Introduction to Python
Python is an interpreted, high-level, general-purpose programming language. Created by Guido van Rossum and first released in 1991, Python's design philosophy emphasizes code readability with its notable use of significant whitespace. Its language constructs and object-oriented approach aim to help programmers write clear, logical code for small and large-scale projects. Python is absolutely the most important skill for any data scientist to master, since most of the popular data science modules and libraries are built on top of Python nowadays. In this module, you will get to learn the basics of Python programming and build a solid foundation for later modules where you will learn all the cool things about the Python data science packages.
After you are familiar with the basic concepts in Python programming, it is time to take your skills to the next level! As a data scientist, mastering the intermediate level Python coding is extremely beneficial since it allows you to work on more complicated problems and better leverage the power of Python.
Introduction to Numpy
NumPy is a library for the Python programming language, adding support for large, multi-dimensional arrays and matrices, along with a large collection of high-level mathematical functions to operate on these arrays. NumPy provides Python with a powerful array processing library and an elegant syntax that is well suited to expressing computational algorithms clearly and efficiently. We'll introduce basic array syntax and array indexing, review some of the available mathematical functions in NumPy, and discuss how to write your own routines. Along the way, we'll learn just enough about Matplotlib to visualize results from our examples.
Introduction to Pandas
The Pandas library is a data scientist's best friend and arguably one of the most essential tools in a data science toolbox. Pandas officially stands for ‘Python Data Analysis Library’. It is an open-source Python library that allows users to explore, manipulate, and visualize data in an extremely efficient manner. It is literally Microsoft Excel in Python but way more powerful.

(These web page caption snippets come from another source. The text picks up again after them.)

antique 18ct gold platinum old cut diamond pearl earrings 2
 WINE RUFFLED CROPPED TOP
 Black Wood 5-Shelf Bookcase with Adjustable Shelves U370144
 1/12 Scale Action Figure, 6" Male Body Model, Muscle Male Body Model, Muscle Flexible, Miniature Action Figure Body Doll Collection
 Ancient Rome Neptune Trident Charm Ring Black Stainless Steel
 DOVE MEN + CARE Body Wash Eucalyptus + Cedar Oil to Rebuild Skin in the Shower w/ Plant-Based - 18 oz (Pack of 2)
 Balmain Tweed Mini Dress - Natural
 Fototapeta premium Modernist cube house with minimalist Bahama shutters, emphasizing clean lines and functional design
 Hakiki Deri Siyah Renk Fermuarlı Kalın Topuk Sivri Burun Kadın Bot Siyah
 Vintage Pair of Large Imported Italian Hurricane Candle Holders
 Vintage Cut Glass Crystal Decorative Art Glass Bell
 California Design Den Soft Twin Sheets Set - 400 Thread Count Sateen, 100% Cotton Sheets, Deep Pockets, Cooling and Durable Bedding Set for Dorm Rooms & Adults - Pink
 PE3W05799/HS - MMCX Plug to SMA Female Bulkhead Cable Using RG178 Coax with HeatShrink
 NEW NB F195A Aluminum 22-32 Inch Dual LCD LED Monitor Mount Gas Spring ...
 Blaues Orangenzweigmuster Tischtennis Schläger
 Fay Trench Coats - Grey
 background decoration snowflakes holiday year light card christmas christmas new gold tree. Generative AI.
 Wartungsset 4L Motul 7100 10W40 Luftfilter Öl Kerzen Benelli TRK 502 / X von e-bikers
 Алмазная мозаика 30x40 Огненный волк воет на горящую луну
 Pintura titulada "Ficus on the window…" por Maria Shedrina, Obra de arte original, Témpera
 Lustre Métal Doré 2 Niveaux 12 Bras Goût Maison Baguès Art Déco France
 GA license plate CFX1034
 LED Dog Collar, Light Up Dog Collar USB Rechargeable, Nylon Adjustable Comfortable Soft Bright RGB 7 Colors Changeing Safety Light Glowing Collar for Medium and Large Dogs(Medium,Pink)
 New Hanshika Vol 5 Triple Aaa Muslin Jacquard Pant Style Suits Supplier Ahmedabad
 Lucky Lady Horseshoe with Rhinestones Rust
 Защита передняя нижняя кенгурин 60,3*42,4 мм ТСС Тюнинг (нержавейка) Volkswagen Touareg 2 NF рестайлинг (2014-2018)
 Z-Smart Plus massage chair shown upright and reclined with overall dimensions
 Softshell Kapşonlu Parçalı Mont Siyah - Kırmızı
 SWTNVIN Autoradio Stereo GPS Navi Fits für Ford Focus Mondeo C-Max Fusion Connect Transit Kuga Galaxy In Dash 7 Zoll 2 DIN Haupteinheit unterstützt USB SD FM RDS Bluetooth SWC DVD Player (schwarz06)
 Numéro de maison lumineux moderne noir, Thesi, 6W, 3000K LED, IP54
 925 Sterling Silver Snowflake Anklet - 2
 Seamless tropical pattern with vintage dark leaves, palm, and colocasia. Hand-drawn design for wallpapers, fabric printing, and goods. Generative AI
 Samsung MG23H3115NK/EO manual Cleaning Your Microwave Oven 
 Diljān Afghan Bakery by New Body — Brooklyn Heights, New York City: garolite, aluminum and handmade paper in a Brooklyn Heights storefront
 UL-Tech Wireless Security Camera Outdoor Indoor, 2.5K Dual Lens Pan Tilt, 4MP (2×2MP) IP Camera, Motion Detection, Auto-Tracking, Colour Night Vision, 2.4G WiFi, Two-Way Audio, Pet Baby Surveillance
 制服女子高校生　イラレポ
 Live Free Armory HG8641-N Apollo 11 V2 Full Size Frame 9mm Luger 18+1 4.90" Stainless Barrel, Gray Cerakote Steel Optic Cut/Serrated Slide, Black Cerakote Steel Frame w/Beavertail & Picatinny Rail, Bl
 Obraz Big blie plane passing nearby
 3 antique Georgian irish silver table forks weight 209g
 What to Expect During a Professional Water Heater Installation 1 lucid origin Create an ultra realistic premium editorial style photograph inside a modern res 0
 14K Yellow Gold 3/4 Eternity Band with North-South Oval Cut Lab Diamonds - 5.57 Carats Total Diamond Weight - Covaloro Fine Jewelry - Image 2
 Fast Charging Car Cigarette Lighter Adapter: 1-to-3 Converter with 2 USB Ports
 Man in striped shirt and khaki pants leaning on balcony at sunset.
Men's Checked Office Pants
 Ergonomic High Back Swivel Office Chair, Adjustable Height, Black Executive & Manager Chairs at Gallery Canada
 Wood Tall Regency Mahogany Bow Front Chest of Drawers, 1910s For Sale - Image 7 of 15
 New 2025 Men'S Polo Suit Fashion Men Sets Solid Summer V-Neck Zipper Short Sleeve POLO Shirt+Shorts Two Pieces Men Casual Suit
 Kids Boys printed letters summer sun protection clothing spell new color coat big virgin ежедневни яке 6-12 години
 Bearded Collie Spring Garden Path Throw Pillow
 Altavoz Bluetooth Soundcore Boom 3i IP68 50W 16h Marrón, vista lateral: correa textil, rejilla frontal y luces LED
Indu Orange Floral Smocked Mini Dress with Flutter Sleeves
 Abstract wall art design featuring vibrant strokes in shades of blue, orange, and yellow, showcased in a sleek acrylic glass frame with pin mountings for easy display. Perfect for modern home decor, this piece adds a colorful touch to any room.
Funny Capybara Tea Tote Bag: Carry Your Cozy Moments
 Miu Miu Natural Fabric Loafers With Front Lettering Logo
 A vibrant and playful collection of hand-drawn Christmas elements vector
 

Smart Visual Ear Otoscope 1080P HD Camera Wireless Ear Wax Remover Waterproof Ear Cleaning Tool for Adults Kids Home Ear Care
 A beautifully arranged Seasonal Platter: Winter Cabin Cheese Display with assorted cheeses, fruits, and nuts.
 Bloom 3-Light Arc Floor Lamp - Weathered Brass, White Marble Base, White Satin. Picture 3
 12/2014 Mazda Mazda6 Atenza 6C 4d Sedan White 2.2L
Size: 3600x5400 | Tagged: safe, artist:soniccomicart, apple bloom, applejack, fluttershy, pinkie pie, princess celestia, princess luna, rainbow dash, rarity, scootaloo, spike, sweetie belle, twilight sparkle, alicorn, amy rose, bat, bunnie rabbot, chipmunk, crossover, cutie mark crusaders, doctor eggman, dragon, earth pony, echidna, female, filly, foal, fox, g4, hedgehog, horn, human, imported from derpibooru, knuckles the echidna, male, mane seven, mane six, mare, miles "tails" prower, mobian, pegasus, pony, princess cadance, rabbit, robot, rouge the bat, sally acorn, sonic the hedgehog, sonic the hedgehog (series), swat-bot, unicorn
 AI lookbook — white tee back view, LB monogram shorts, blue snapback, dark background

Learn the Basics of Machine Learning
Machine learning, the field of computer science that gives computer systems the ability to learn from data, is one of the hottest topics in data science. Machine learning is transforming the world: from spam filtering in social networks to computer vision for self-driving cars, the potential applications of machine learning are vast.
This section covers the foundational machine learning concepts and tools that will help you advance in your career. Whether you’re trying to analyze a dataset using machine learning, or you’re a data analyst trying to upgrade your skills, this is the best place to start.
Deep Learning for Beginners
Deep learning is a machine learning technique that teaches computers to do what comes naturally to humans: learn by example. Deep learning is a key technology behind driverless cars, enabling them to recognize a stop sign, or to distinguish a pedestrian from a lamppost. It is the key to voice control in consumer devices like phones, tablets, TVs, and hands-free speakers. Deep learning is getting lots of attention lately and for good reason. It’s achieving results that were not possible before.
Natural Language Processing
Natural Language Processing or NLP is a field of Artificial Intelligence that gives the machines the ability to read, understand and derive meaning from human languages. It is a discipline that focuses on the interaction between data science and human language, and is scaling to lots of industries. Today NLP is booming thanks to the huge improvements in the access to data and the increase in computational power, which are allowing practitioners to achieve meaningful results in areas like healthcare, media, finance and human resources, among others.